Lafcadio Hearn, conocido en Japón como Yakumo Koizumi, nació en Léucade, en las islas Jónicas, el 27 de junio de 1850. Hijo de madre griega y de un cirujano irlandés del ejército británico, fue adoptado por una tía abuela y educado para el sacerdocio tras el fallecimiento de ambos progenitores cuando Hearn era todavía un niño. A esta formación le debió su erudición en latín y, sin duda, algo de la sutileza de su pensamiento. No obstante, pronto comprendió que la perspectiva de una carrera eclesiástica estaba completamente alejada de su curiosidad intelectual y vívido temperamento, y a la edad de diecinueve años se trasladó a América en busca de fortuna. Después de cierto tiempo trabajando como corrector, consiguió empleo como reportero en un periódico de Cincinnati. Pronto ascendió a editorialista y, transcurridos unos años, partió a Nueva Orleans para unirse a la redacción del Times-Democrat. En esta ciudad vivió hasta 1887, escribiendo de manera ocasional historias fantásticas y sobrenaturales para su periódico, colaborando en revistas con artículos y reseñas, y publicando algunos libritos singulares, entre ellos Stray Leaves from Strange Literature y sus traducciones de Gautier. En el invierno de 1887 comenzó sus peregrinajes a países exóticos, sintiéndose, como él mismo escribió a un amigo, «una pequeña abeja literaria en busca de inspiradora miel». Tras un par de años pasados prácticamente en las Antillas Francesas, con temporadas de trabajo literario en Nueva York, partió en 1890 a Japón a preparar una serie de artículos para una revista. Aquí, gracias a una profunda afinidad con el carácter de este maravilloso pueblo parece que, súbitamente, se sintió al fin en su hogar: se casó con una japonesa, consiguió la nacionalidad nipona para garantizar que su familia pudiera heredar sus propiedades, fue profesor en la Universidad Imperial de Tokio y, a través de una serie de libros extraordinarios, se convirtió en el intérprete del auténtico espíritu de la vida y arte japoneses para el mundo occidental. Falleció allí por paro cardíaco el 26 de septiembre de 1904.

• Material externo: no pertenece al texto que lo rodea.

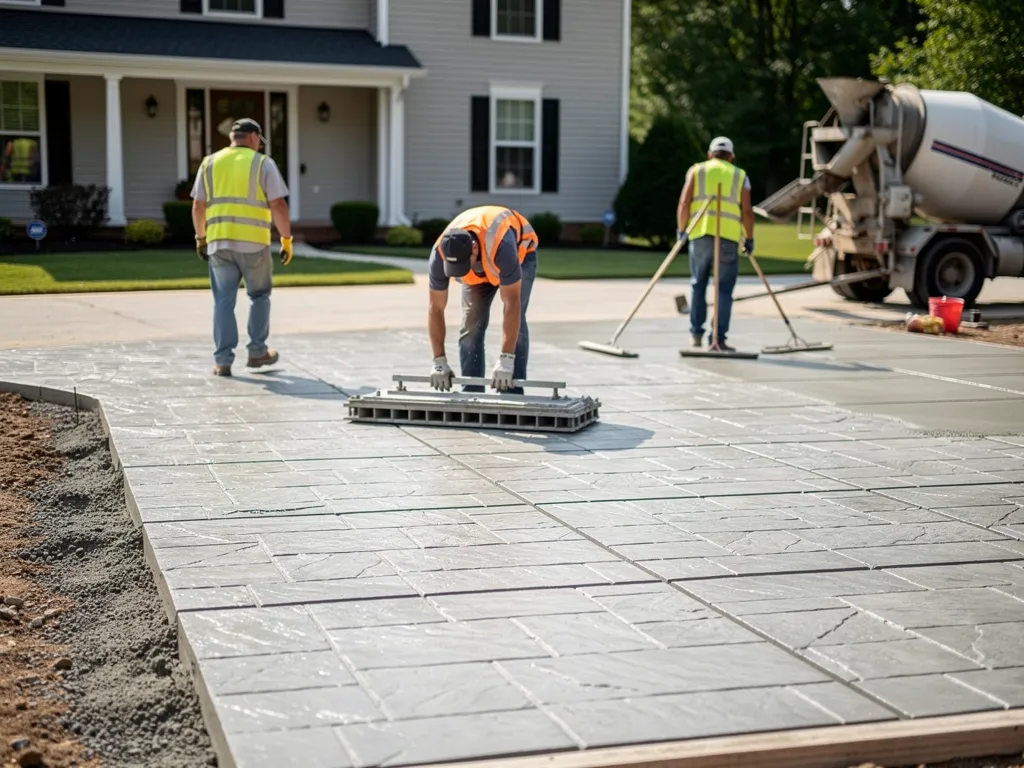 How Is a Stamped Concrete Driveway Installed in Fredericksburg and Stafford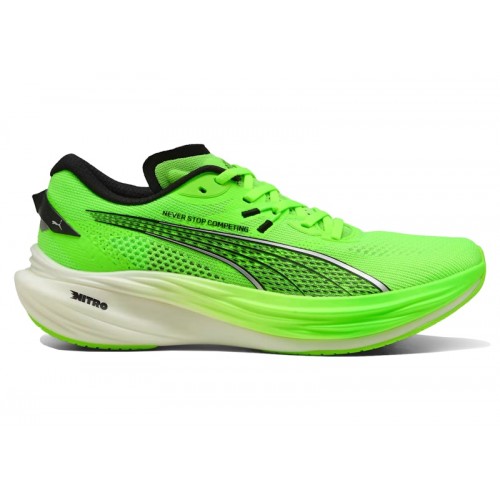 Кроссы Puma Deviate Nitro 3 HYROX Green Glare - мужская сетка размеров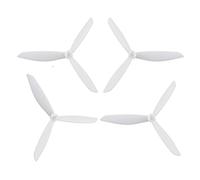 Pexorin for HUBSAN, 501S X4 HS700 Triangle Vane amélioré MJX B3 PRO B2SE Rc Quadcopter Drone (MJX Bugs 3) Pièces de rechange Accessoires Remplacement de l'hélice du drone(White)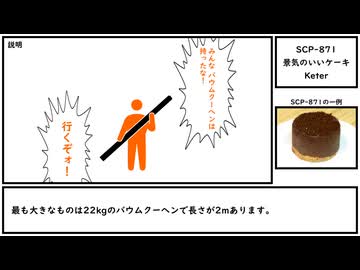 【ゆっくり紹介】SCP-871【景気のいいケーキ】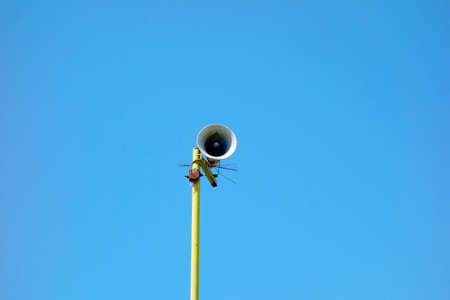 Local radio for broadcasting news, music and possible alarmsの写真素材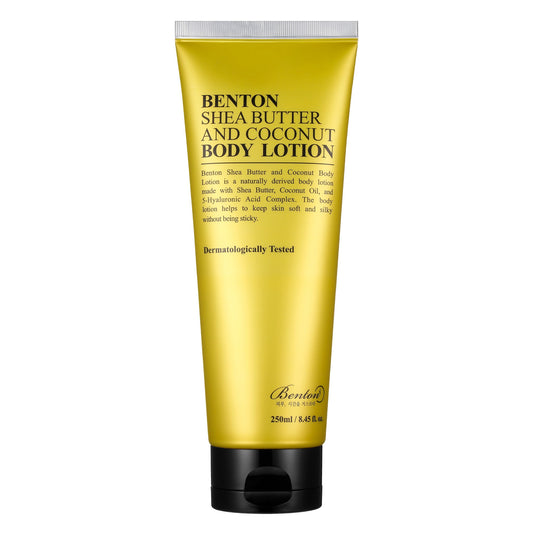BENTON - Loción corporal de manteca de karité y coco
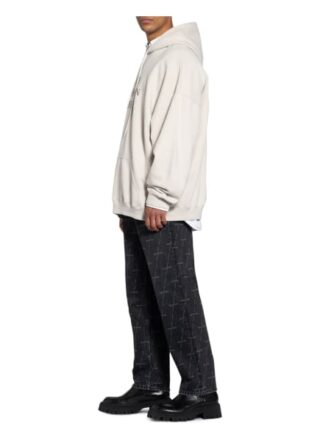 Balenciaga Oversized-Hoodie weiss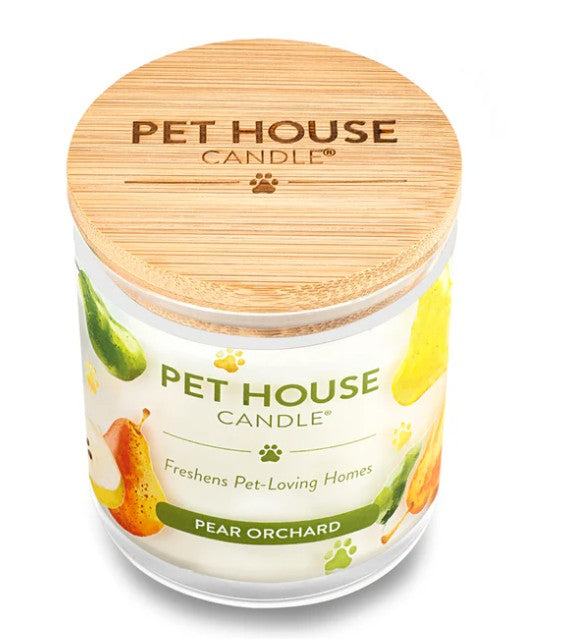 Pet House Candle, Pear Orchard, 9oz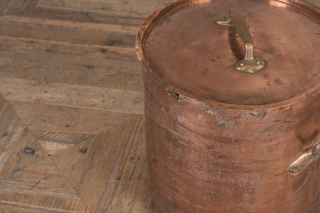 copper storage bin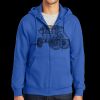 Tall Essential Fleece Full Zip Hooded Sweatshirt Thumbnail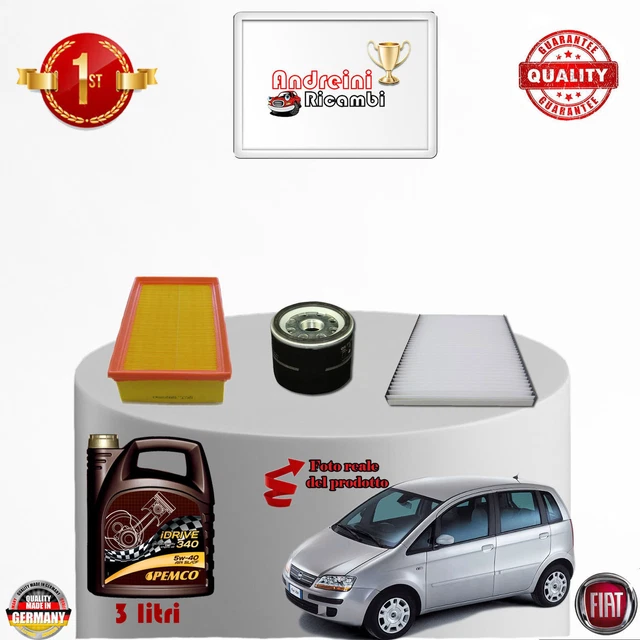 KIT TAGLIANDO Per Suzuki Jimny 1.3 16V 59 KW 80 CV – 2 Filtri + 5 Litri Olio 10W40, Filtri Aria, Olio, Carburante E Abitacolo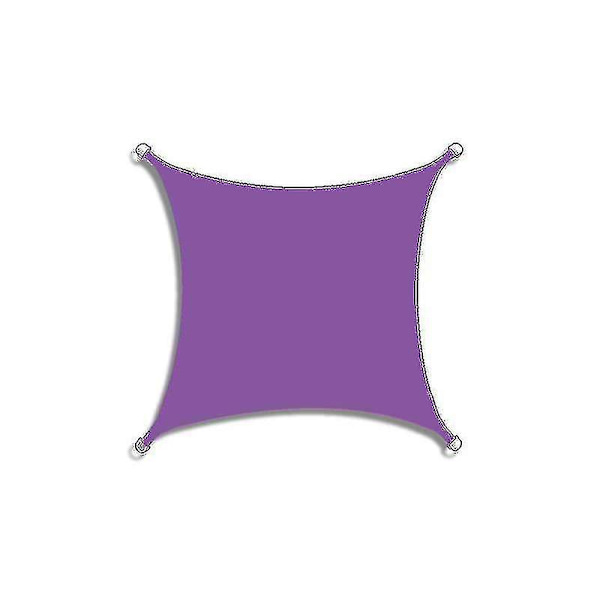 2 X 4 meter vattentät solskyddssegel utomhusmarkiser för trädgårdssegel Pool Partio solskydd Purple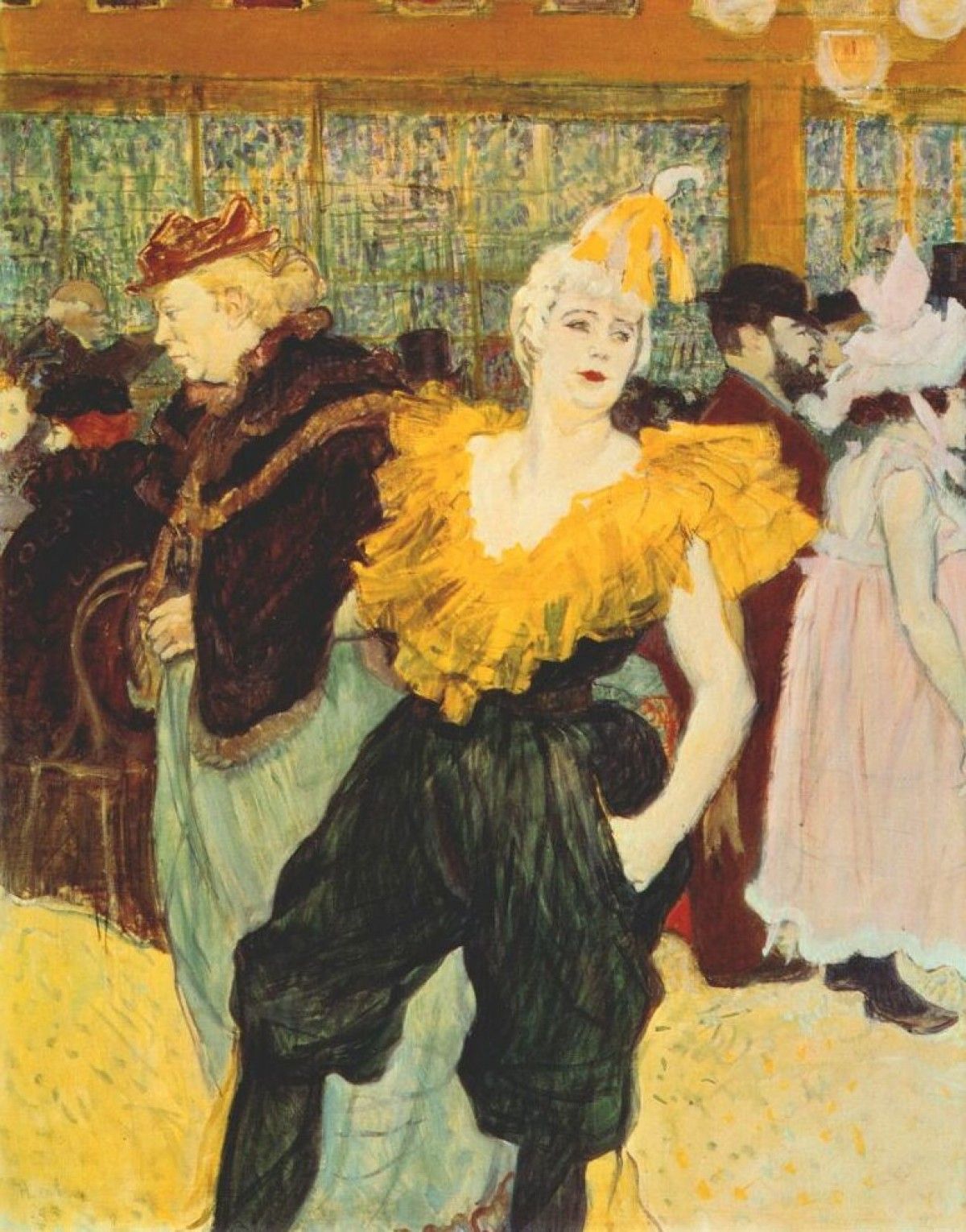 Henri de Toulouse-Lautrec El pallasso Cha-U-Kao al Moulin Rouge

Salvo un conjunto de cartas familiares, ahora en proceso de recopilación, el presente volumen contiene todos los escritos que, con la suficiente madurez para su publicación, Hearn dejó dispersos en revistas o manuscritos. Vale la pena señalar, no obstante, que aun siendo perfecta la redacción de Últimas preguntas y completo el ensayo en sí mismo, el autor lo consideró como inacabado y, de haber vivido, habría revisado y ampliado algunas de sus partes.

Pero si este volumen adolece de falta de ese incomparable toque de exquisitez de su autor en cuanto a disposición y revisión, sin embargo, lo presenta en la plenitud de sus más característicos trazos, y es, tanto por estilo como por contenido, quizás, la más madura y significativa de sus obras.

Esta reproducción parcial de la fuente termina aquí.